### Data section:
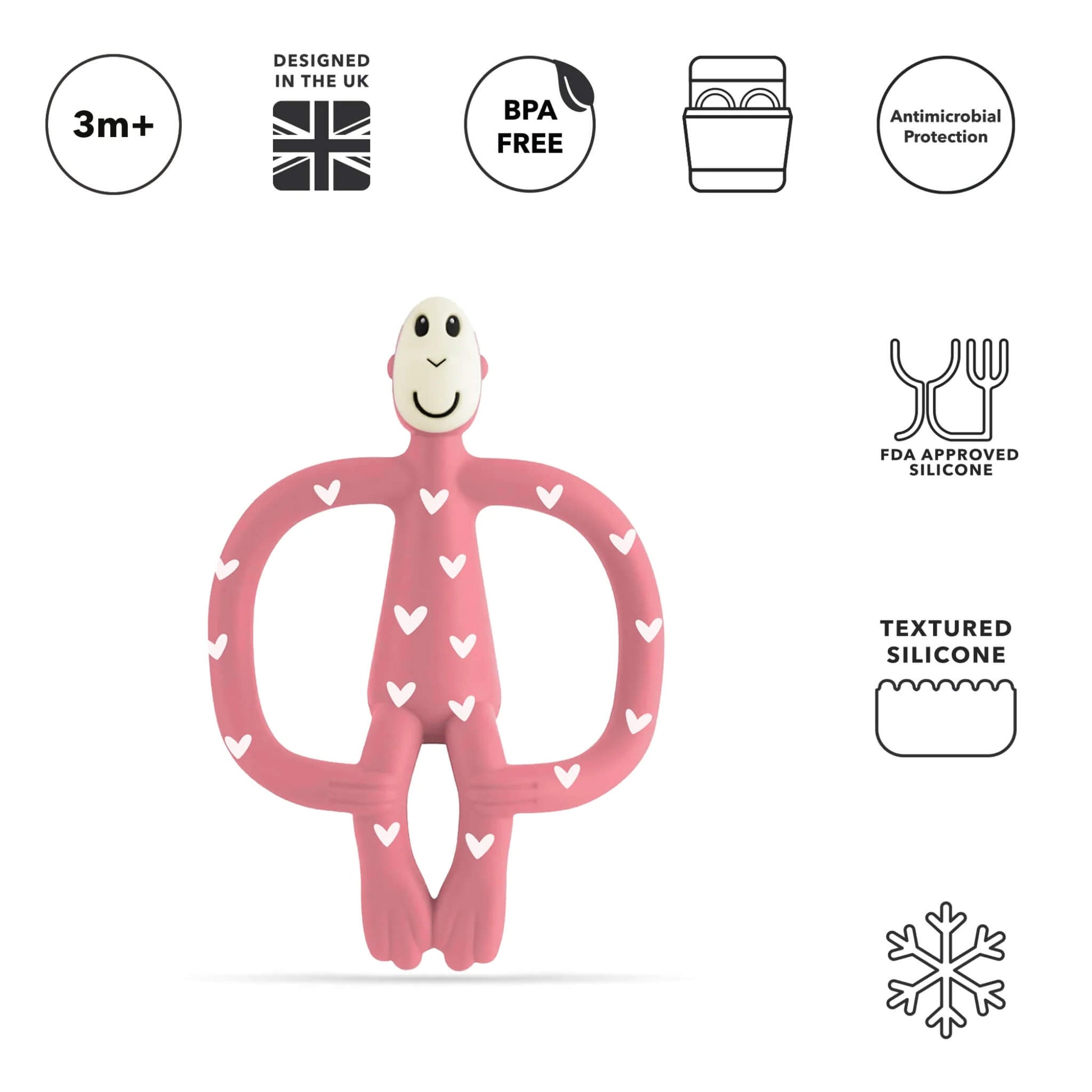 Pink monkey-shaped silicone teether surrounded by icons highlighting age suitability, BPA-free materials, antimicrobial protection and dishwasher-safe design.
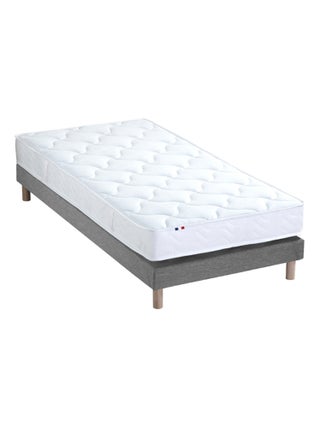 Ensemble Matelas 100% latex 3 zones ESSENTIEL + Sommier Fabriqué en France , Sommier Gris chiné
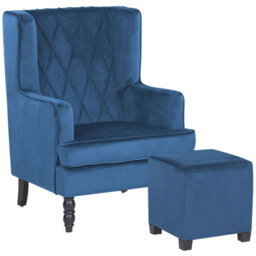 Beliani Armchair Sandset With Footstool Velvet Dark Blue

### Aim of the exercise:
Repeat the material above in full and unchanged, minus its images.

### Exercise result:
 Pink monkey-shaped silicone teether surrounded by icons highlighting age suitability, BPA-free materials, antimicrobial protection and dishwasher-safe design.
 Ensemble Matelas 100% latex 3 zones ESSENTIEL + Sommier Fabriqué en France , Sommier Gris chiné
 Beliani Armchair Sandset With Footstool Velvet Dark Blue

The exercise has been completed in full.